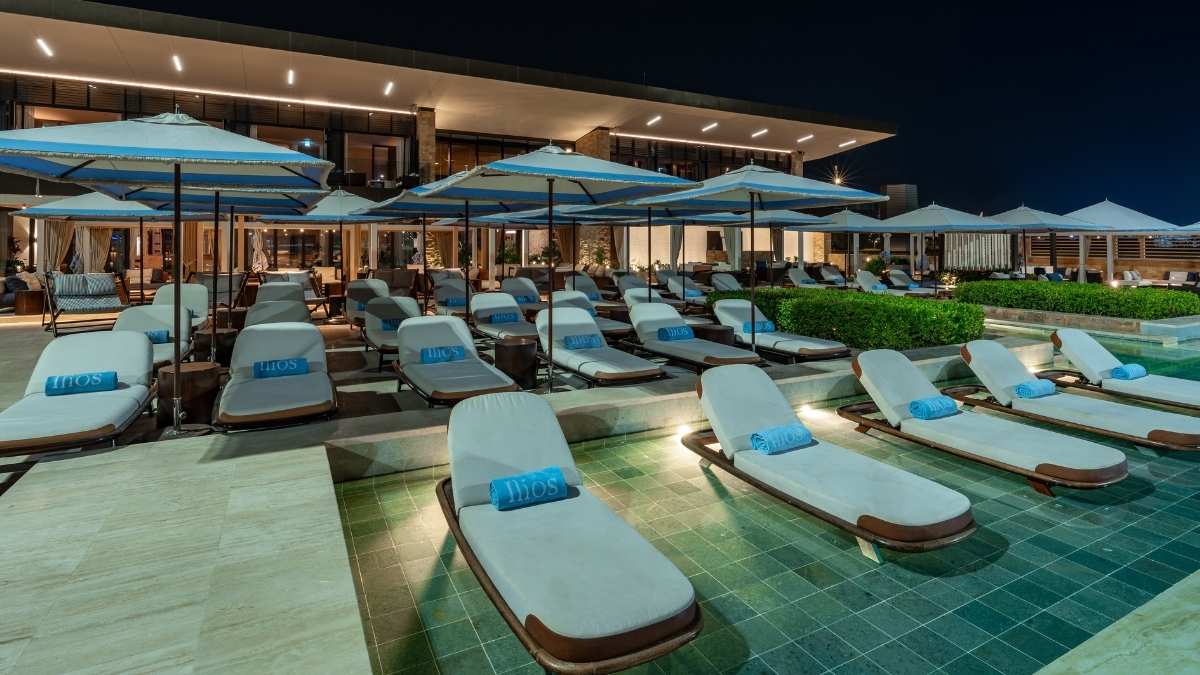 Swim Under The Glow Of The Harvest Supermoon At This Abu Dhabi Beach Club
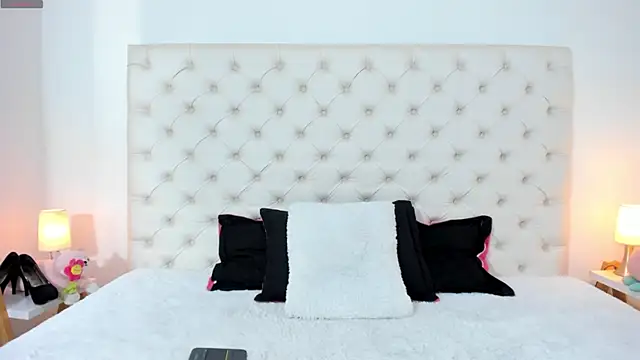 esmeralda06 online show from March 21, 12:06 pm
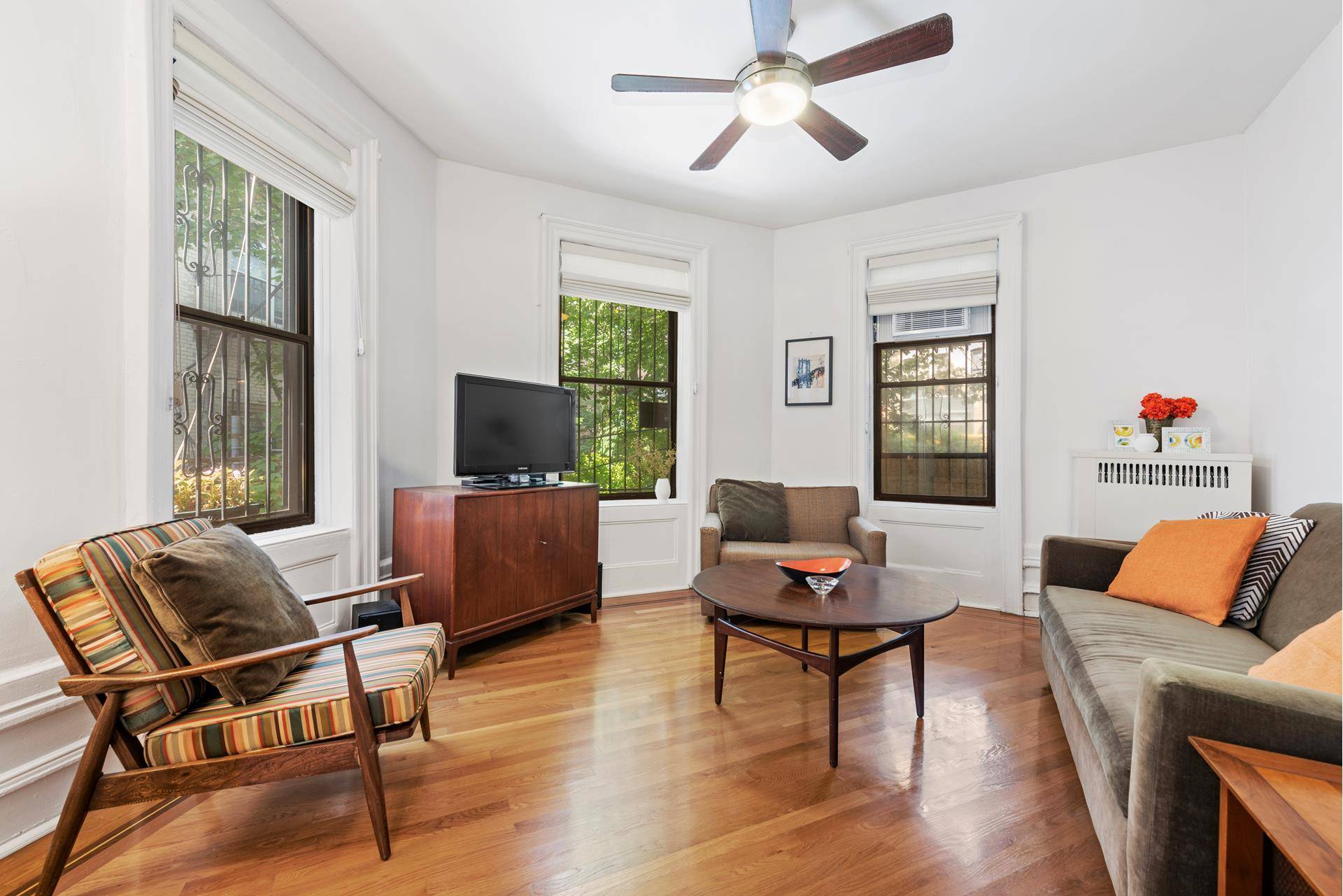 Terrific and rare opportunity to own a spacious, 1350 sq ft convertible 3 or 4 bedroom in prime Prospect Heights !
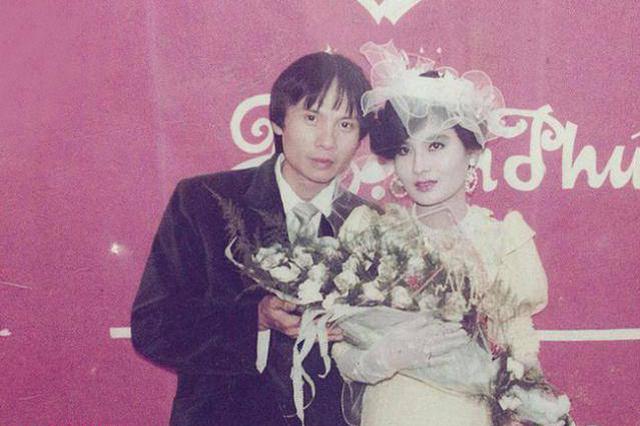 Hoa和Thuy结婚照。
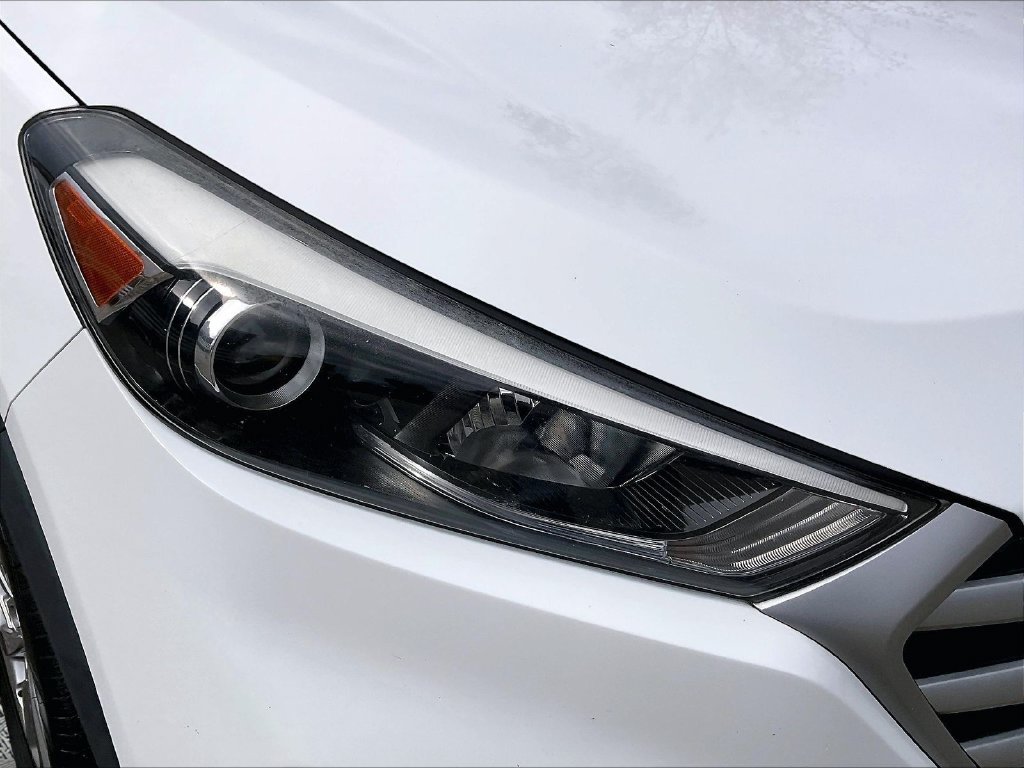 Used 2018 Dazzling White Hyundai SEL image 28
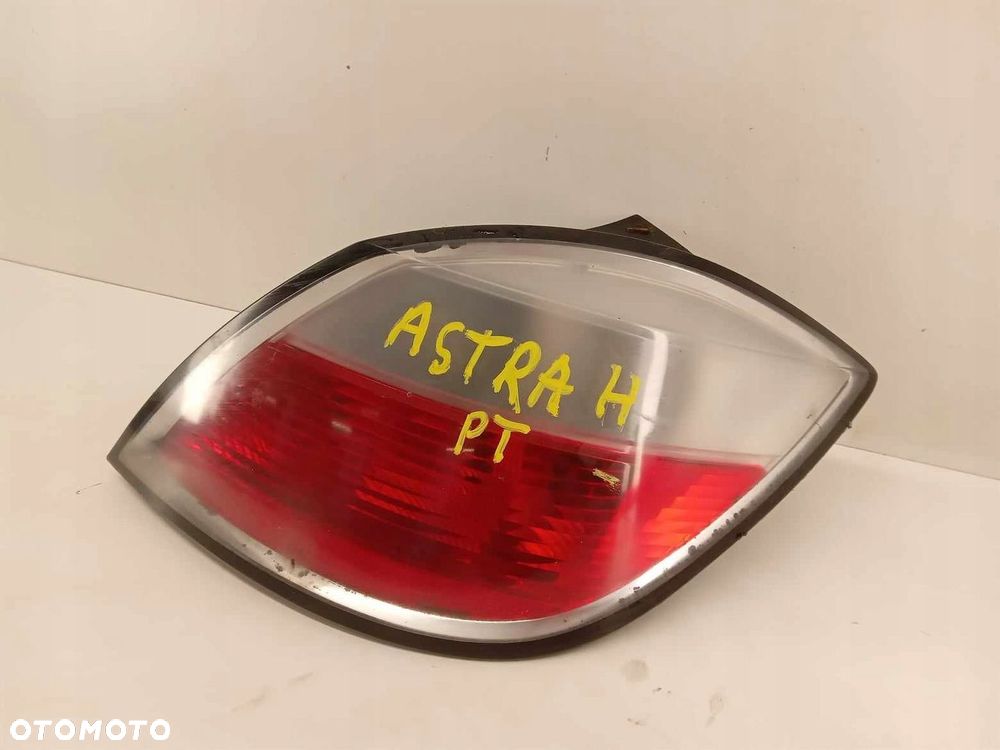 LAMPA PRAWA TYLNA TYŁ OPEL ASTRA III H 04-08 - 3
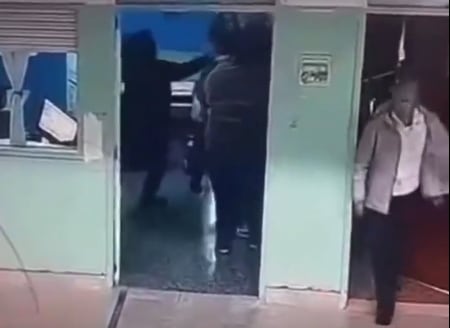 Imputan a una madre por desfigurar a golpes a una docente que había retado a su hija Imputan a una madre por desfigurar a golpes a una docente que había retado a su hija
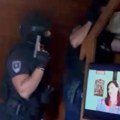 Predstavio se kao taksista, pa ih oteo i držao vezane na tavanu! Saslušani muškarci osumnjičeni za otmicu u Beogradu: Tukli ih…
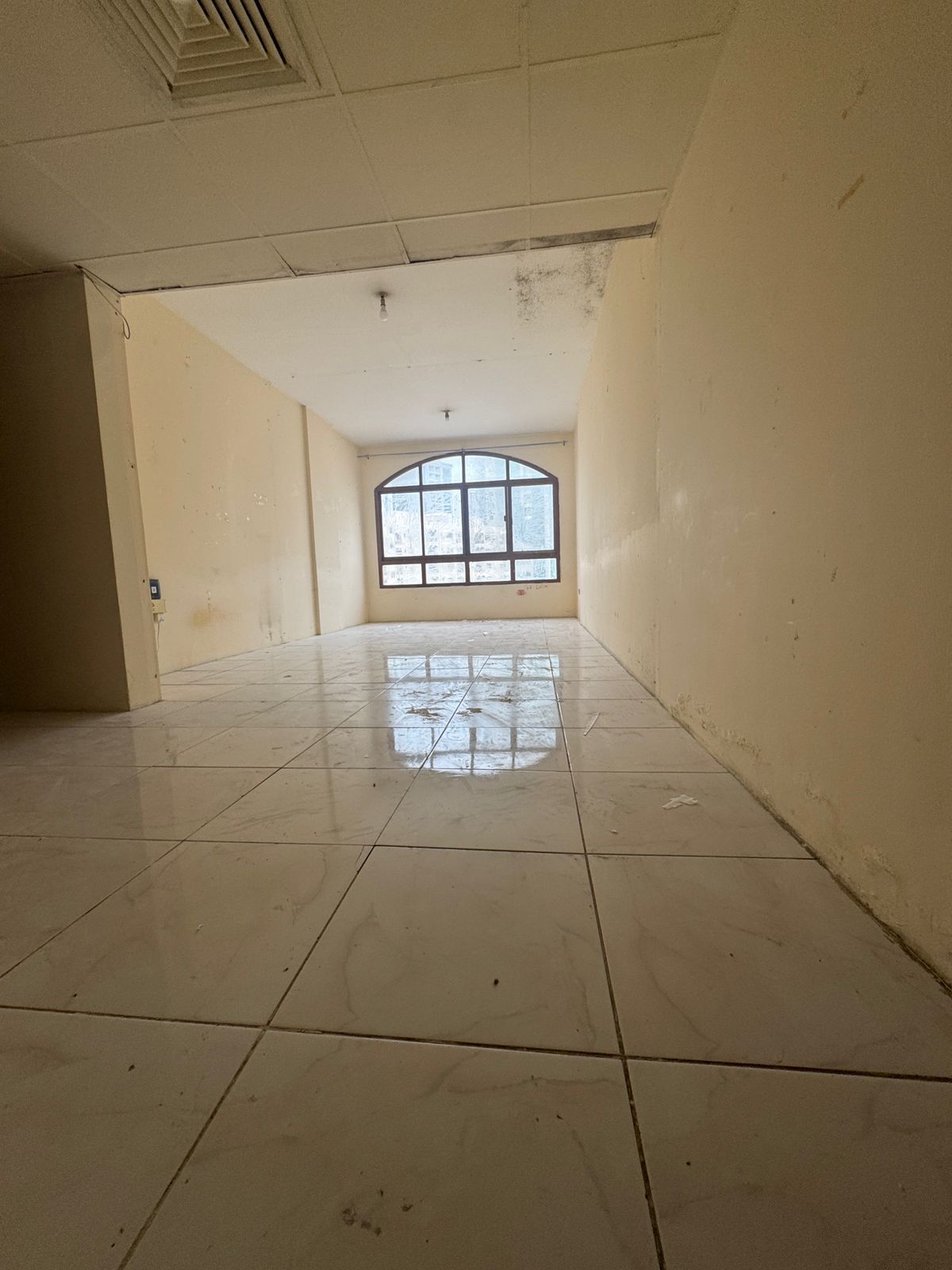 3 Bedroom Hall Apartment for Annual Rent – Al Majaz 2, Sharjah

===============

## What the task asks
Retype exactly, and only, the lines from the one containing "Predstavio se kao" through the end of the records above. Pictures stay out of the copy.

## Your solution
 Predstavio se kao taksista, pa ih oteo i držao vezane na tavanu! Saslušani muškarci osumnjičeni za otmicu u Beogradu: Tukli ih…
 3 Bedroom Hall Apartment for Annual Rent – Al Majaz 2, Sharjah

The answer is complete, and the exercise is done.